I was worried about coming out to my brother.  I worked on the letter I wrote him for about three months before I sent it.  I was careful to counter any misconceptions he might have had.  As it turned out, I needn't have worried: he was very sweet and supportive.  Sometimes family members surprise us for the better.

Here is the letter I wrote to him.  I deliberately avoided using the word 'transgender' until late in the letter.  It can be a trigger word for some.  I also made a point of emphasizing that this is a medical diagnosis and treatment.

QuoteDear <brother> and <sister-in-law>,

I hope you are both well.

I have some news to share with you that you will likely find surprising. 

All my life, I have felt that I didn't fit in.  I first became aware of it as a teenager, but I dismissed it as just being normal teenage stuff.  Teenagers, after all, are expected to not fit in.  But it didn't go away as I got older.  Always, I felt different from everyone else, no matter how hard I tried to conform.

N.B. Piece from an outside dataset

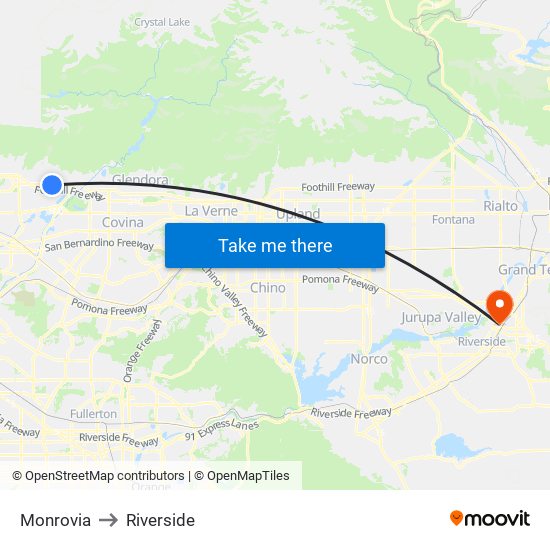 Monrovia to Riverside map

As I got older, I became aware that what was different was that, while other men seemed to already know how to be men, I had to observe consciously and try to copy them.  Though I learned to fake it well, I was never truly successful at copying them.  I never once wanted to be more masculine; I always wished I could be more feminine.  Of course, that wasn't allowed.  I tried hard to suppress and deny the feeling, but it wouldn't go away.  In hindsight, I now see clues going back much farther.

It turns out that this condition is known in the medical professions as gender dysphoria.  One of the characteristics is that it does not go away without treatment.  Either it continues to get worse all one's life, or one gets treatment for it.  The only treatment available is to live in the gender that one knows oneself to be.  The treatment is highly effective.

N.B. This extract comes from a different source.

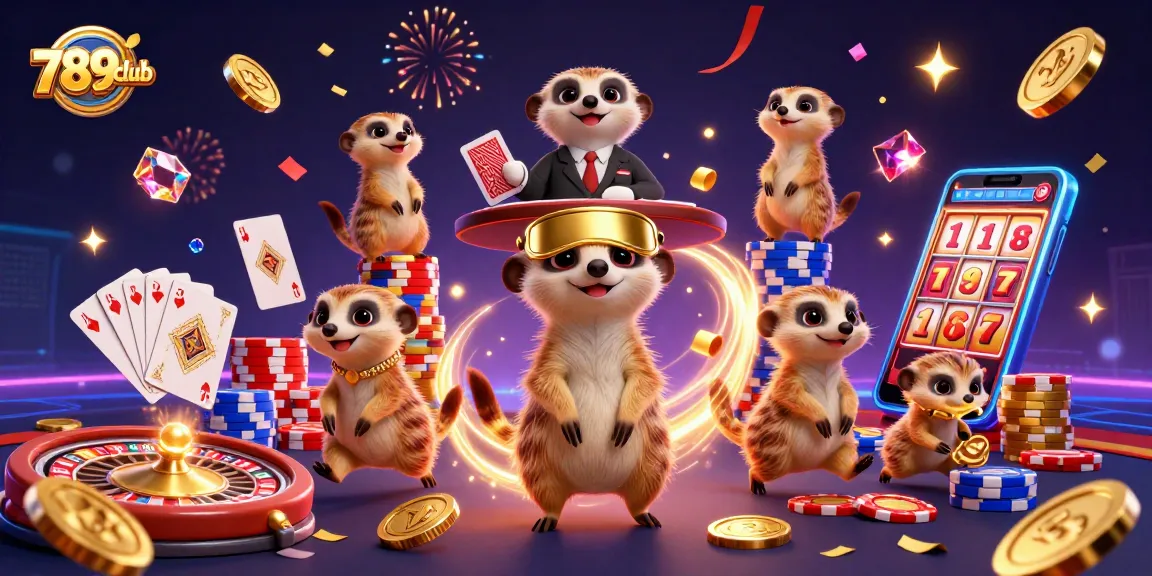Experience the thrilling 789club casino run by cartoon meerkats surrounded by winning elements.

I started investigating gender dysphoria two years ago.  Since then, I have been seeing various psychologists and doctors, who have confirmed the diagnosis.  I started medically prescribed treatment several months ago.  The process is well-defined as an international treatment standard.  Although I still have a long way to go with my physical transition, I am now at the point in treatment where I will begin living as a woman.

So, allow me to introduce myself.  I am your sister Kathy.  The name is short for Kathleen Lauren.  The origin of the name will be obvious. <It is based on my male name.>  I prefer that you refer to me by the feminine pronouns: 'she' and 'her' from now on.

The medical part of my transition will continue for a couple of years.  I am receiving hormone treatment, which has already made a significant difference to my mental outlook.  It is also starting to make physical changes.  The hormone treatment is life-long.  Eventually, I expect to have surgery to make the transition complete. 

I am delighted and relieved that <my wife> is my biggest supporter in this.  She has shown love, commitment and compassion that border on sainthood.  We are staying together.

You may be wondering about the biology of this condition.  The genders of the brain and of the genitals are determined by hormone levels in the fetus at different times during the pregnancy.   Although they usually go the same direction, they can develop in different directions if the hormone levels change over time.  When that happens, the baby is born transgender.  Being transgender is not a choice: we are born this way.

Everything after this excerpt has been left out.